PDA

View Full Version : unable to parse url


marb
03-27-2004, 12:32 AM
Hi,
I'm spider a page and get the below error notice, what can I do on it?
I use the loop option and have no troubles before with other pages spidering.
The spider index a page and the message show up wen a other url is located, not the page wich is spider at that moment.



[quote]
+ + + + + + + + + + + + + + + + + +
63:http://www.wetcanvas.com/MediaKit/
(time : 00:54:20)

Warning: parse_url(http://www.heritageglass.com?amp;zoneid=0&source=&dest=http://www.heritageglass.com) [function.parse-url]: Unable to parse url in /opt/guide/www.artrefer.com/HTML/web/s3/admin/robot_functions.php on line 372
+ + + + + + + +
64:http://www.wetcanvas.com/web/
(time : 00:54:51)
+ +
65:http://www.wetcanvas.com/colormixer/
(time : 00:55:21)
+ + + +

Marten :)

Charter
03-27-2004, 03:06 AM
Hi.
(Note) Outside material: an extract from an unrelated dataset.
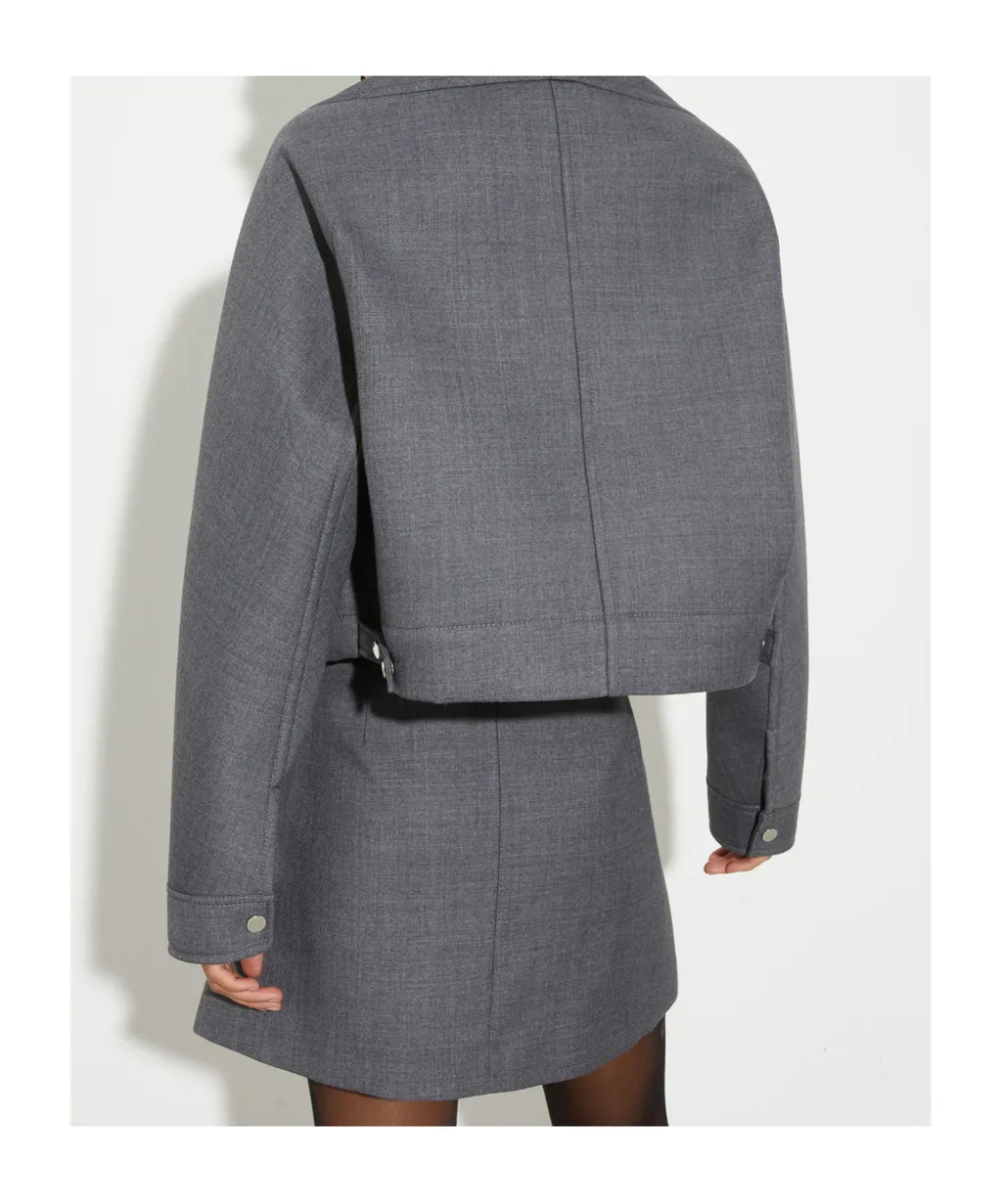 Long Sleeve Jacket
There is a 1.8.0 fix in this (http://www.phpdig.net/showthread.php?postid=3084#post3084) post that should be applied.

However, even with the fix, I'm not sure parse_url will handle a URL in the query string. See below.

<?php
$url="http://www.heritageglass.com?amp;zoneid=0&source=&dest=http://www.heritageglass.com";
print_r(parse_url($url)); // without fix and with url
echo "\n<br>\n";
$url="http://www.heritageglass.com?zoneid=0&source=&dest=http://www.heritageglass.com";
print_r(parse_url($url)); // with fix and with url
echo "\n<br>\n";
$url="http://www.heritageglass.com?zoneid=0&source=&dest=";
print_r(parse_url($url)); // with fix and without url
?>

The output is as follows:

Array
(
[scheme] => http
[host] => www.heritageglass.com?amp;zoneid=0&source=&dest=http
[path] => //www.heritageglass.com
)

Array
(
[scheme] => http
[host] => www.heritageglass.com?zoneid=0&source=&dest=http
[path] => //www.heritageglass.com
)

Array
(
[scheme] => http
[host] => www.heritageglass.com
[query] => zoneid=0&source=&dest=
)


Untested, but in robot_functions.php you might try the following code:

$newurl = parse_url($newpath);

// add this chunk of code here
if ((isset($newurl["host"])) && (eregi("[?]",$newurl["host"]))) {
if (!isset($newurl["path"])) { $newurl["path"] = ""; }
if (!isset($newurl["query"])) { $newurl["query"] = ""; }
$newurl["query"] = substr(strstr($newurl["host"],"?"),1).$newurl["path"].$newurl["query"];
unset($newurl["path"]);
$newurl["host"] = substr($newurl["host"],0,strpos($newurl["host"],"?"));
}

//search if relocation is absolute or relative

Remember to remove any "word" wrapping in the above code.